### What to do
A word-for-word copy of the data is what's wanted, with no pictures.

### Records shown
______________________________

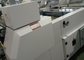Industrial Sheet To Sheet Laminator , Manual Lamination Machine SF - 720C supplier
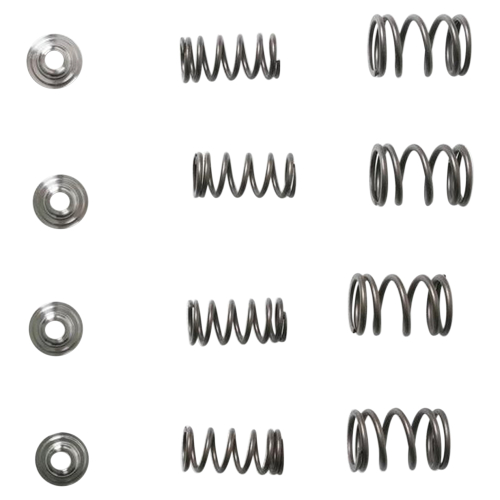 Kibblewhite Precision - Kibblewhite Precision Valve Spring Kit - 30-3111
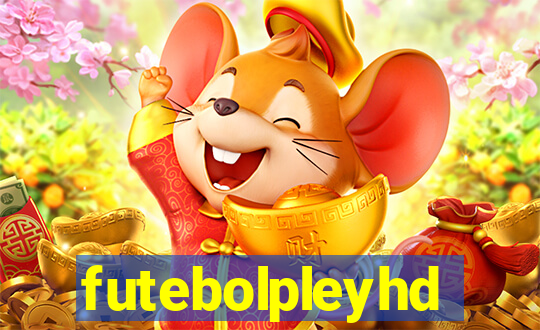 futebolpleyhd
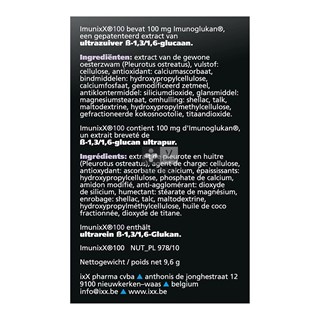 Imunixx-100-30-Comprimes.jpg
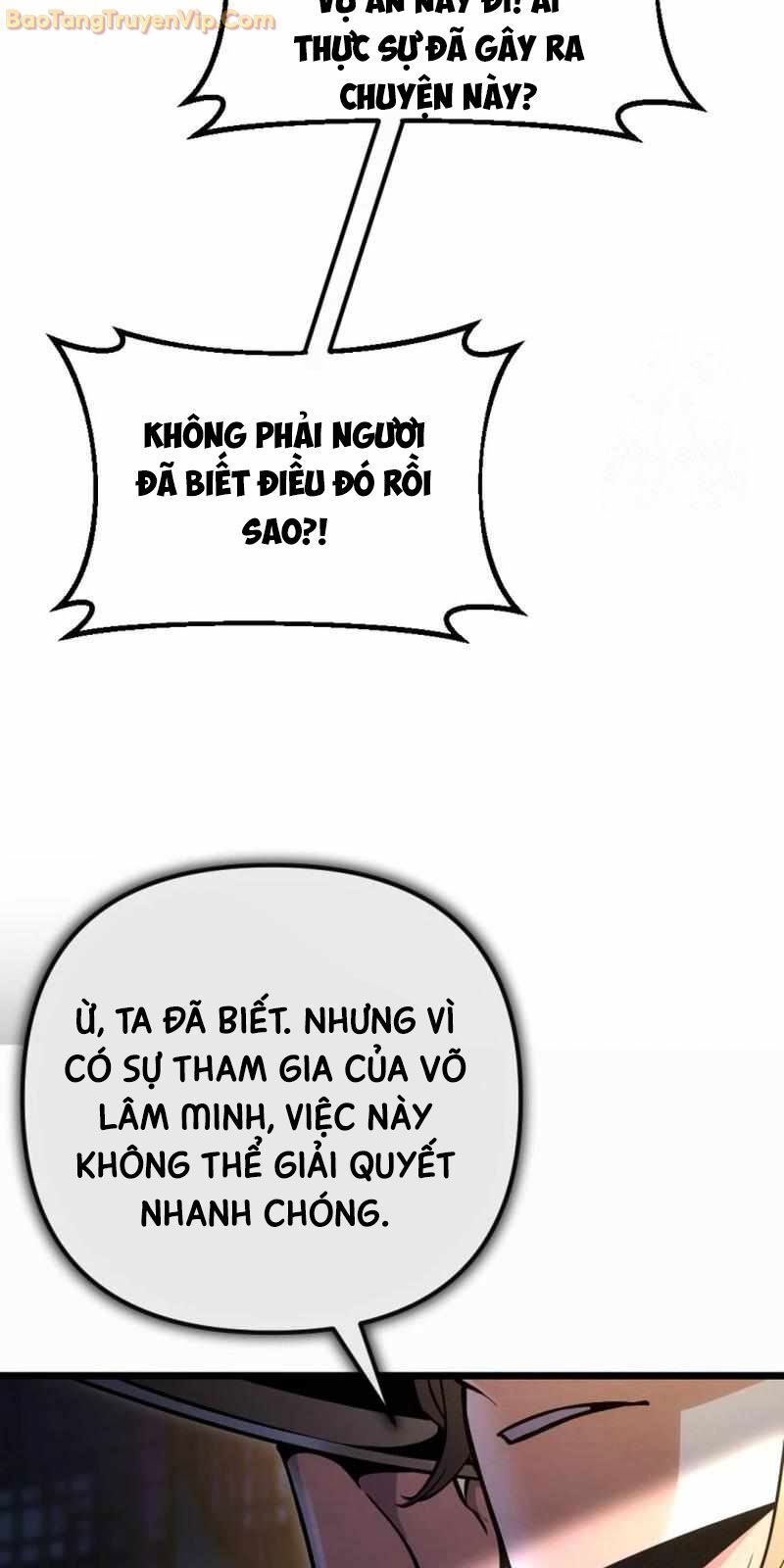 Lãng Nhân Bất Tử Chapter 6 - Trang 46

______________________________

### Solved problem
Industrial Sheet To Sheet Laminator , Manual Lamination Machine SF - 720C supplier
 Kibblewhite Precision - Kibblewhite Precision Valve Spring Kit - 30-3111
 futebolpleyhd
 Imunixx-100-30-Comprimes.jpg
 Lãng Nhân Bất Tử Chapter 6 - Trang 46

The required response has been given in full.